Dinner of taco-rittos with loads of guacamole were ravenously eaten, and soon we were seated around the fire ring with marshmallows and chocolate. It was - to say the least - a great way to end what had been our most ambitious family hike to date!
We Were Not Ready to Head Home
Having woken up quite early on the previous morning, we had no reason to climb out of bed before 8:00am when we woke up the next day. Fog had rolled in to the valleys overnight, but there was no lack of sun up here in the heavens.
A leisurely breakfast, and packing up of camp ensued. Even at that, it was probably only an hour or so before we were ready to go... except that we weren't. None of us - @mini.turbodb included - really wanted to leave this fantastically serene place, especially now that the campground had cleared out and we nearly had the place to ourselves.
So, we decided that one more - short - hike was in order. We'd head up the same road behind camp that we'd witnessed the sunset from a couple days before, and hike to the top of Blue Mountain, taking in the 360° views one last time.
Parking of the gods.
The sun wasn't in the best position to capture much of what we saw, but it was as though we were surrounded by a fluffy comforter of puff.
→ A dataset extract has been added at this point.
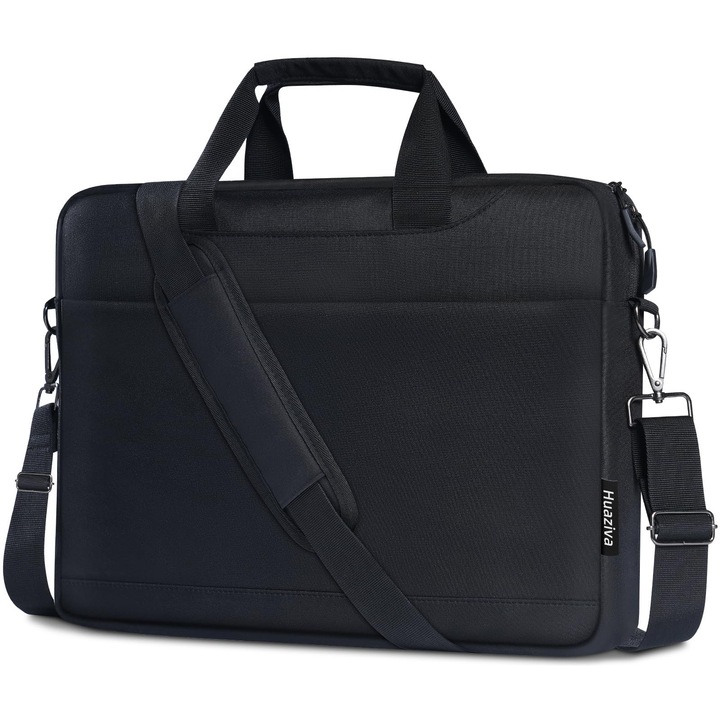Geanta Laptop Huaziva 17 17, 3 Inch, Geanta De Umar Messenger, Servieta Impermeabila Cu Curea Captusita Pentru Laptop Hp Lenovo Dell Acer Asus 17 17, 3 Inch, Negru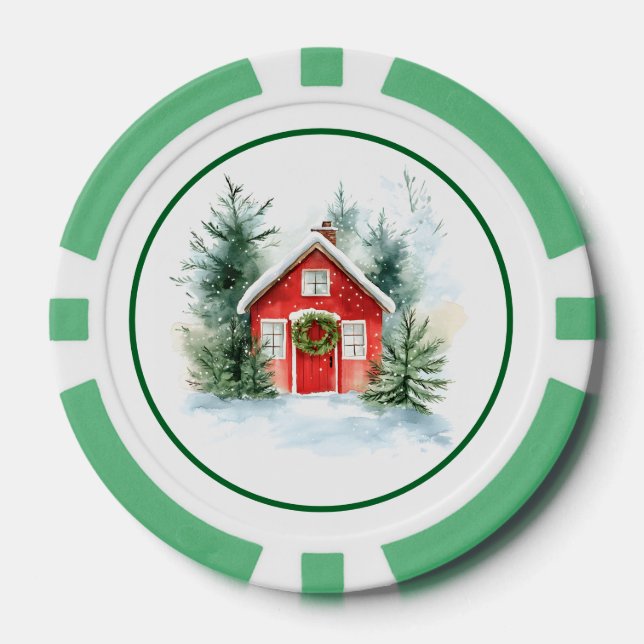 Jetons de poker pour cottage enneigé à l'aquarelle (Recto)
Tentacles of the stuff reached in amongst the fingers of the mountains, their high ridges and peaks towering majestically above the cover.
Even taking the hike slow and savoring the views, it was still before 10:00am when we pointed ourselves downhill and headed for home. As what might be the last family outing of the summer - school is starting soon - it was definitely one of our most fun. And that bodes well for the memory of small children, and their desire to get out when spring turns to summer once again, and the opportunity to get out and camp presents itself!
What a fun read that has me smiling all the way through! Yay for mini!!!!
Which must feel so good to turbo & mrs.
And wow - where you were - the beauty...
well worth the 3 hour drag waiting for the ferry.
Wow! Thanks for sharing your experience! What a gorgeous setting.
We went up to Deer Park midday, midweek in August and found the campground full. Since we had a trailer, we decided to head back down the hill and plan for another time.
You convinced us that it’s worth it!
Looking forward to more of your adventures. Stay safe!
It's definitely worth it Robin! You'll have a great time there, if you can find a spot. And if you can't, maybe you can get someone to let you share, as we did ?.
magnilfico!
Thanks! Love that place ?.
Another nice little trip, thanks for sharing it with us. The biggest challenge with my 10 year old son is just getting him to want to go on the trip. Once doing it, he loves it though.
I used to work at a place that had the parking lot high up on a mountain. It was always wonderful to come out of work in the mornings to find your self above the clouds.